▸ TASK DIRECTIONS: Print exactly the lines from the one containing "<i>Delp est examinando" through the last line of the entries below; the pictures stay out of the copy.

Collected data
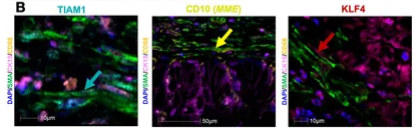 KLF4 Antibody - Figure 5.
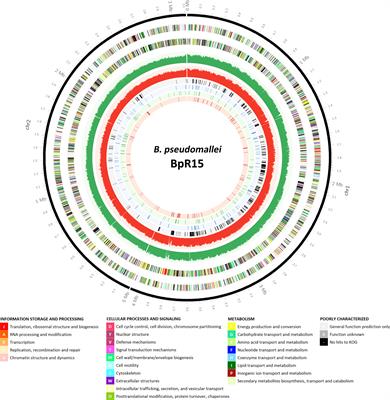 Genome-wide transposon mutagenesis analysis of Burkholderia pseudomallei reveals essential genes for in vitro and in vivo survival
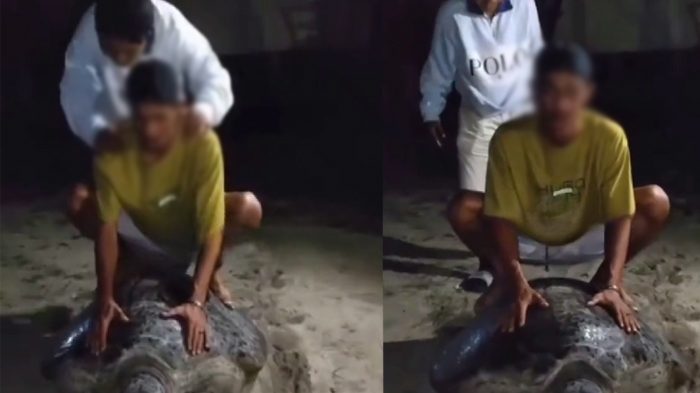 Dua Pemuda Tunggangi Penyu Hijau di Derawan Viral 2025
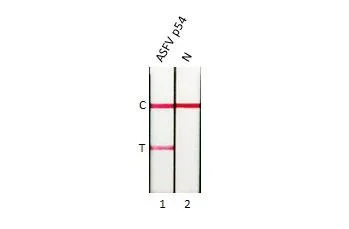 Lateral flow assay - Anti-ASFV p54 antibody [GT1075] - BSA and Azide free (AB327555)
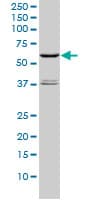STK4 Antibody (clone 1D7-8A10)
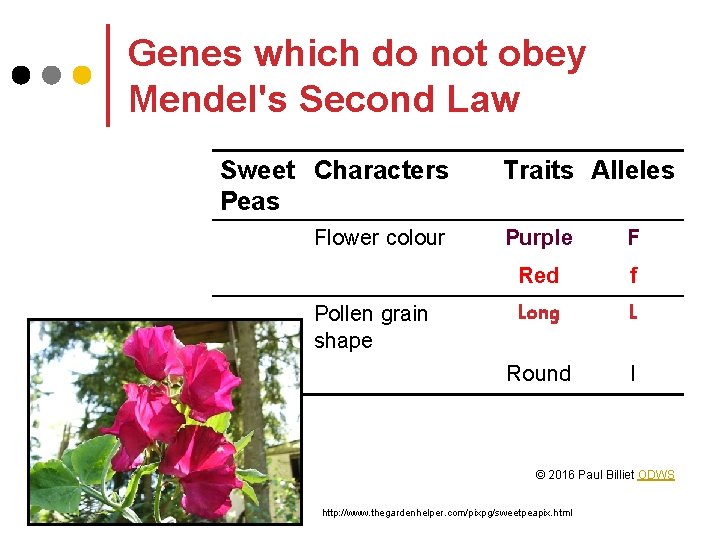 Genes which do not obey Mendel's Second Law Sweet Characters Peas Flower colour Pollen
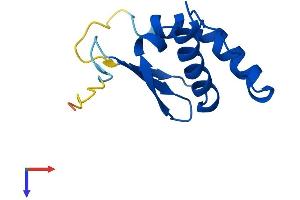 AlphaFold protein structure predicition of Human Recombinant ELOC Protein, UniprotID Q15369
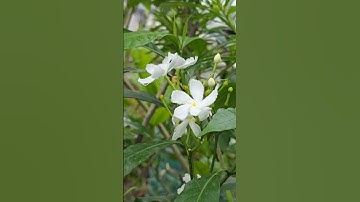 Aisa Sama Na Hota 🌫🌧🌼🌿🦋📻#trending #youtubeshorts #viral #viralshorts #garden #flowers #rain #nature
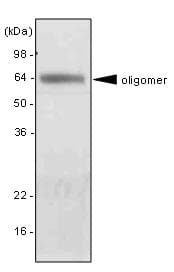 Adiponectin Antibody (clone 5H7)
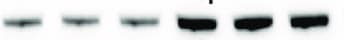 Mouse ALK‑1 Antibody AF770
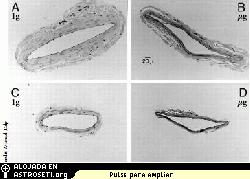 <i>Delp est examinando la hiptesis de que los vasos sanguneos de las ratas se vuelven ms finos y dbiles en microgravedad real, tal como sucede en microgravedad simulada, como se muestra en las imgenes B y D (las imgenes A y C muestran vasos sanguneos de control en gravedad normal).</i>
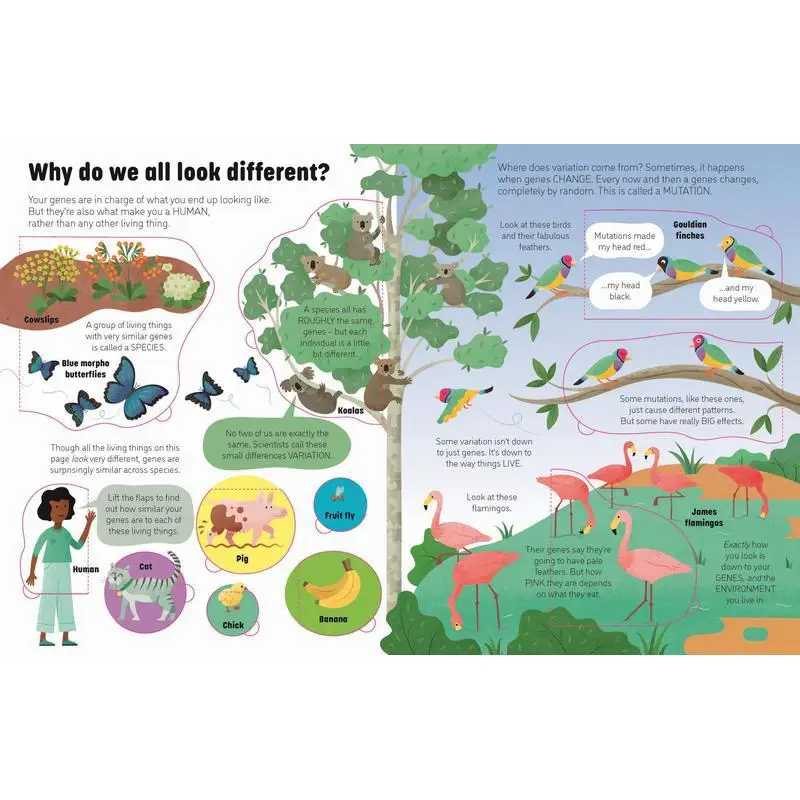See Inside Genes And DNA Alice James Usborne Publishing 9781474943628 Book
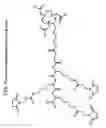 Fig. 08 - Antibody-serum protein hybrids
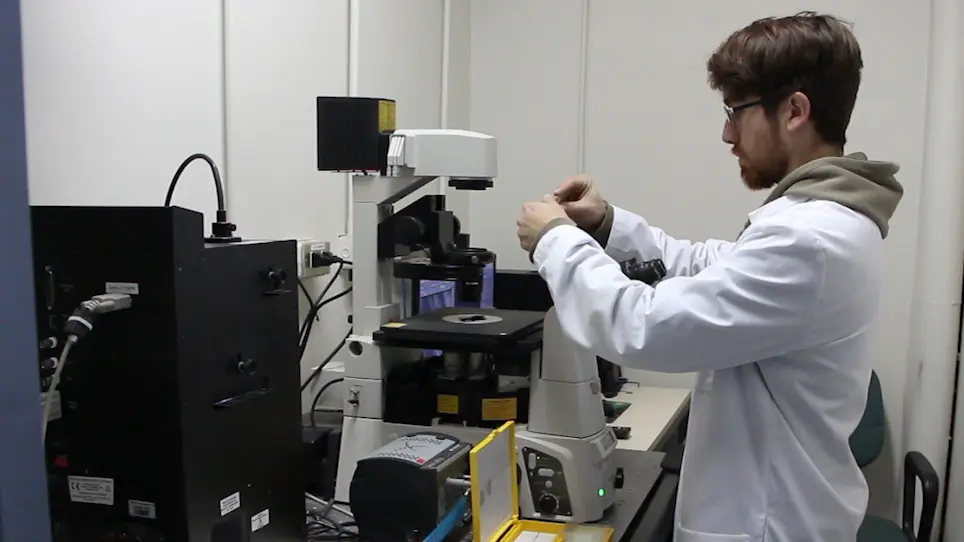 Studying Organelle Dynamics in B Cells During Immune Synapse Formation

▸ COMPLETED EXERCISE:
 <i>Delp est examinando la hiptesis de que los vasos sanguneos de las ratas se vuelven ms finos y dbiles en microgravedad real, tal como sucede en microgravedad simulada, como se muestra en las imgenes B y D (las imgenes A y C muestran vasos sanguneos de control en gravedad normal).</i>
See Inside Genes And DNA Alice James Usborne Publishing 9781474943628 Book
 Fig. 08 - Antibody-serum protein hybrids
 Studying Organelle Dynamics in B Cells During Immune Synapse Formation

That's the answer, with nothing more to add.